Last year, the EU imported some 155 billion cubic meters of the Russian pipeline, about 40% of its total supply. It has now dropped to 9%, with small flows continuing to reach Europe via Turkey and Ukraine. The tightening on supply has helped push prices up to about 10 times the average over the past decade.

EU gas storage levels have reached 83% of their total capacity, well ahead of the 80% target set for the end of October, giving hope that there will be sufficient supplies this winter.

But there is still pressure on politicians to find solutions to the crisis. Many companies in energy-intensive sectors such as fertilizer production and steel have already closed or reduced production, while households must cut basic necessities such as food to afford their energy bills.

What was proposed?

The commission presented proposals on Wednesday that included suggestions to skim the profits of energy companies and launder the proceeds of households and businesses, a relaxation of state aid rules to bail out companies hit by high energy bills, a mandatory cut at peak demand. electricity and, more provisionally, a cap on the price of gas, including from Russia.

At their meeting on Friday, according to the Czechs, who hold the rotating presidency of the European Council until January, ministers agreed that Brussels should focus on four areas: reducing peaks in electricity demand; unexpected levies on non-gas electricity production; a larger cap on the price of gas; and provision of liquidity to energy producers who are faced with increasingly high demands for collateral.

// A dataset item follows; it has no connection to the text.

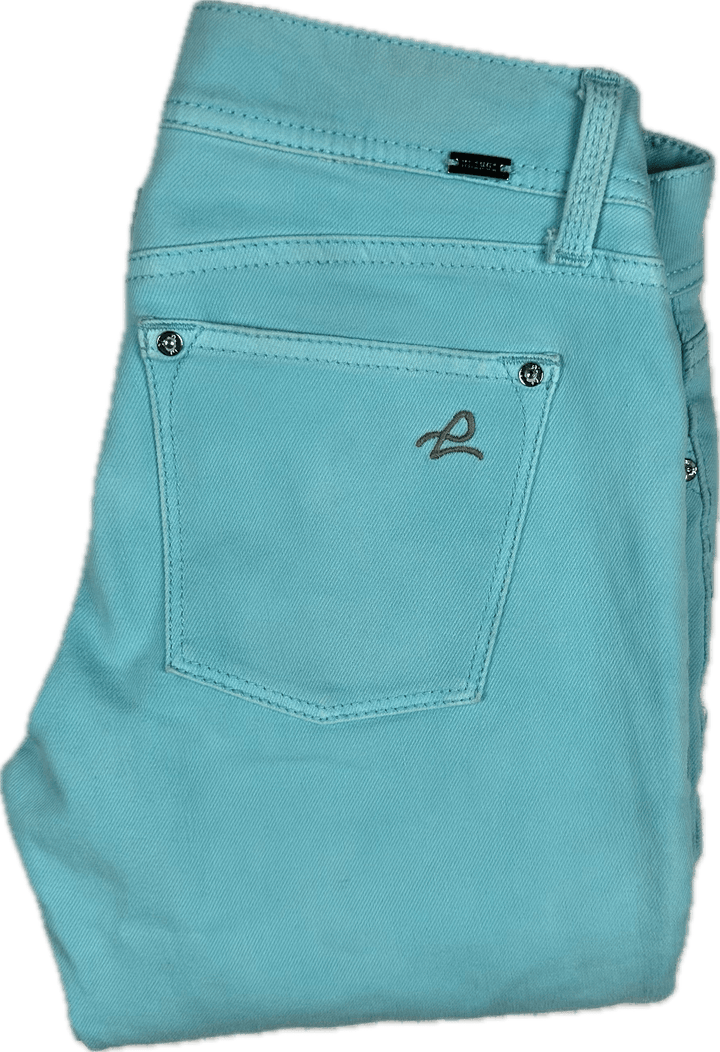 DL1961 'Emma' Stretch Aqua Skinny Jeans -Size 26"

Several EU capitals have also called for a break in the link between gas and electricity prices. Others want to temporarily cut the cost of carbon taxes that companies pay as compensation for their emissions.

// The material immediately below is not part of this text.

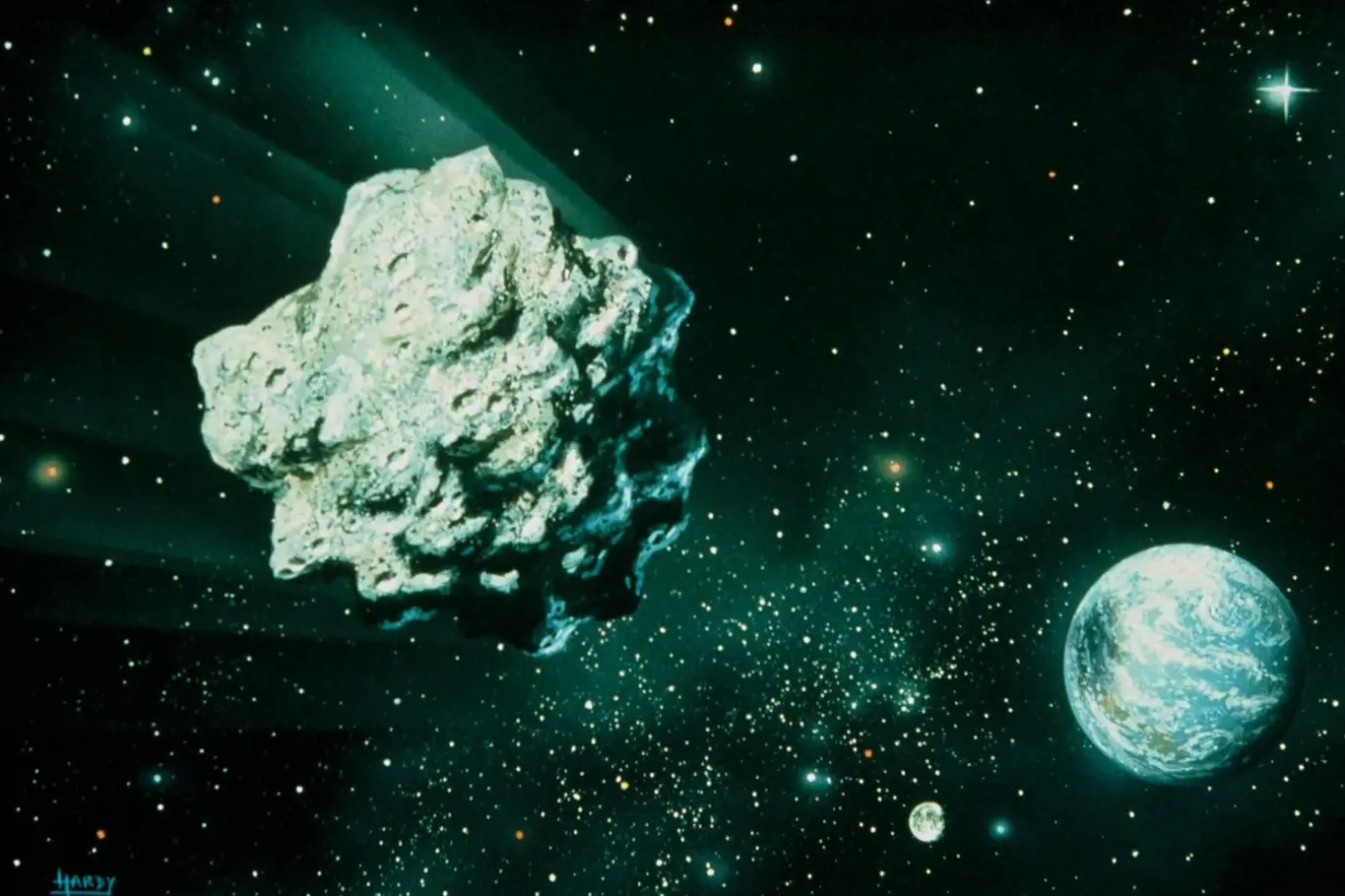 Asteroid - ilustrační foto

How would the price caps and the extraordinary income tax work?

This is where the agreement on what should be done stops. On gas price caps, countries including Italy, Austria and Greece are opposed to a cap only on Russian imports as they fear Moscow will cut off remaining supplies.

A broader consensus was found for a cap on a larger percentage of imports, but it was not agreed whether this cap would apply to pipeline gas only or to all imports, including liquefied natural gas.

Denmark and the Netherlands are among the countries that do not like a ceiling because they fear that the reduction in prices will only serve to increase consumption.

“All these capital letters have the disadvantage of discouraging [securing] supplies from other countries, “said Hans Vijlbrief, the Dutch minister for extractive industries.

An unexpected levy on the profits of non-gas electricity producers could be structured as a revenue recovery or as more dynamic price limits that are activated when prices reach certain thresholds.

It is also debated whether the thresholds should be specific to each power generation source such as coal, nuclear, wind and solar or applied uniformly, in which case more expensive fuels such as coal would be most affected.

Will the plan help consumers?

Analysts from the Argus energy price agency said that while the EU’s desire to protect families from poverty is “commendable”, the “unprecedented pace of policy making has led to a number of proposals that do not they would achieve this goal “.

Measures such as capping the price of all imported gas, for example, could lead producers like Algeria and Norway to cut their supplies, although Norway has been open to the idea. This, in turn, could cause prices to rise further, argus analysts at Argus.

Dutch minister Hans Vijibrief
Dutch minister Hans Vijlbrief fears that a large gas price cap could prevent other exporters from supplying gas © Pro Shots / Alamy

But Henning Gloystein, Eurasia Group’s director of energy and climate, said the combination of price caps, unexpected withdrawals and reduced demand “should actually go far enough in preventing a further spiral in energy costs.”

Riina Sikkut, Estonia’s Minister of Economic Affairs and Infrastructure, said that a mandatory cut in electricity demand “offers enormous potential for lowering prices, but more important than the mandatory savings targets is the shift in consumption from hours of operation. points to off-peak hours “.